_Required action_
Starting at the line that contains "Srinagar Acid Case", write out every line to the end of the records below exactly, and leave out the pictures.

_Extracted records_
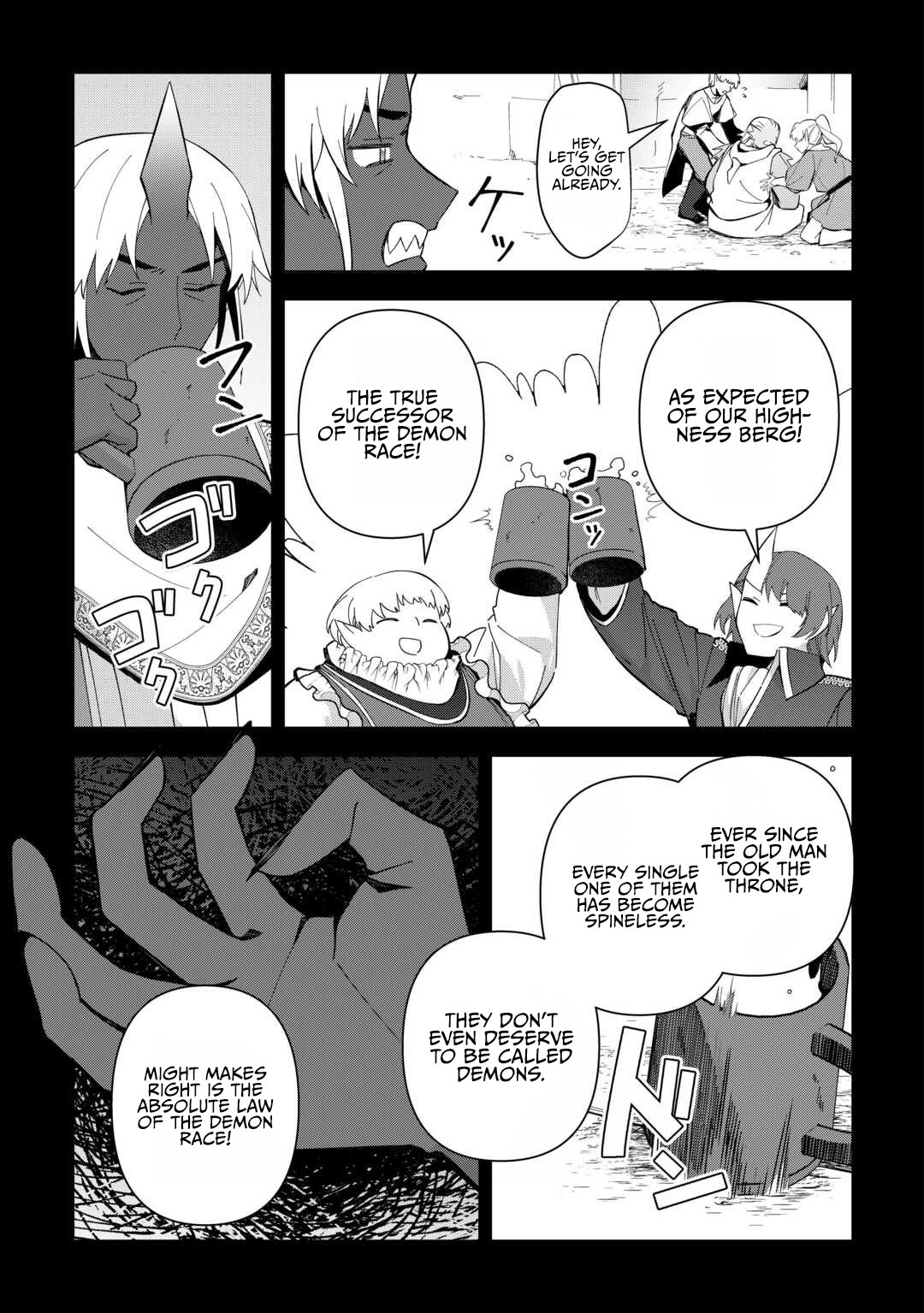 The Immortal King Wants to Live a Slow Life - chapter-32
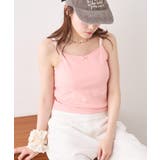 PNK | 【w closet】ボーダーレースキャミ | PAL GROUP OUTLET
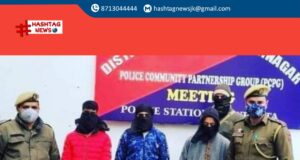 Srinagar Acid Case : Police Files 1000-Page Chargesheet Against Accused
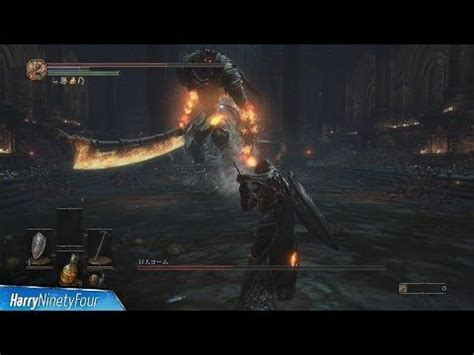 Dark Souls 3 Yhorm The Giant Lord Of Cinder Boss Fight Walkthrough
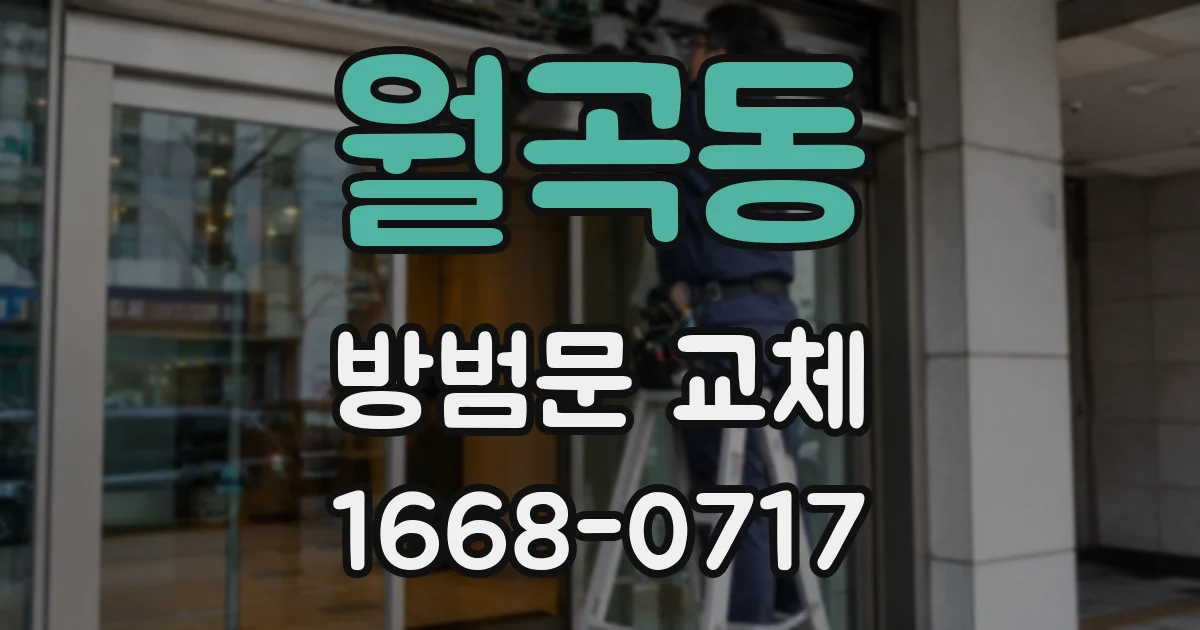 월곡동 방범문 교체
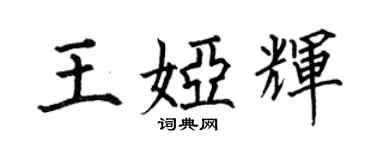 何伯昌王婭輝楷書個性簽名怎么寫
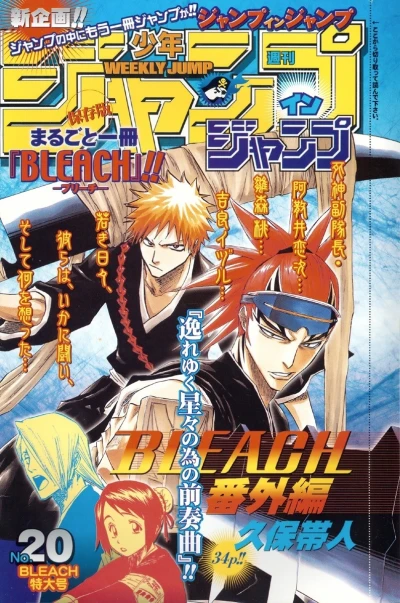 Jump-in-Jump: Bleach Bangaihen (2004) - Series 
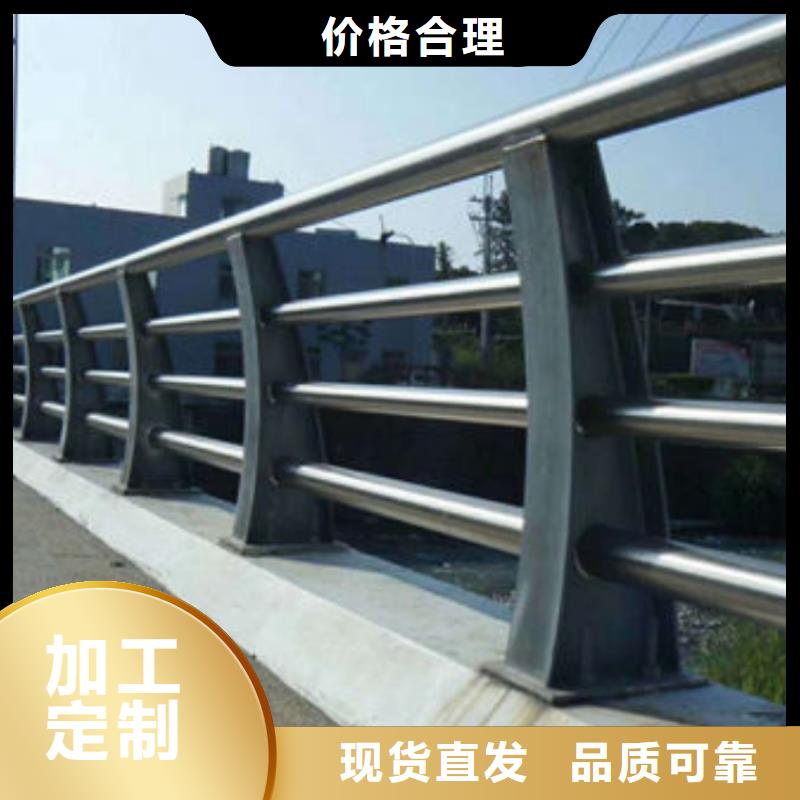 防撞护栏天桥栏杆优选好材铸造好品质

_Solution for this exercise_
 Srinagar Acid Case : Police Files 1000-Page Chargesheet Against Accused
 Dark Souls 3 Yhorm The Giant Lord Of Cinder Boss Fight Walkthrough
 월곡동 방범문 교체
 何伯昌王婭輝楷書個性簽名怎么寫
 Jump-in-Jump: Bleach Bangaihen (2004) - Series 
 防撞护栏天桥栏杆优选好材铸造好品质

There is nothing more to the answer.